Literature DB >> 15991444

Architectures of genetic medicine: comparing genetic testing for breast cancer in the USA and the UK.

Shobita Parthasarathy.   

Abstract

This paper compares the development of genetic testing for breast cancer (BRCA testing) in the USA and the UK. It argues that national political cultures played an important role in how these genetic testing technologies were shaped, and that the shapes of these technologies had important implications for the users of these systems. In order to demonstrate the roles of national social and political elements in the development of new genetic testing technologies, I introduce the concept of a technology's architecture, which is made up of components and the specific ways in which these components are assembled to fulfill particular functions. In the USA, four very different BRCA testing systems initially emerged. However, one biotechnology company, Myriad Genetics, eventually used its legal and economic position to become the sole provider of testing. It offered BRCA testing the way many other laboratory tests were provided in the USA, available to anyone through any physician.
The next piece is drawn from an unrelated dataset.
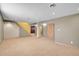 Expansive basement space with neutral carpet, ready to be customized for your needs at 10978 W Ada Pl, Lakewood, CO 80226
The shape of this testing service had important implications for its participants, defining the client as a consumer who could demand access to any of Myriad's laboratory services, but could not choose among testing systems. In the UK, the government-run National Health Service provided testing through regional genetics clinics, using family history information to assess risk and triage care. Clients in the UK were defined as citizens and patients, who had the right to equal access to the testing system but could not demand any specific services.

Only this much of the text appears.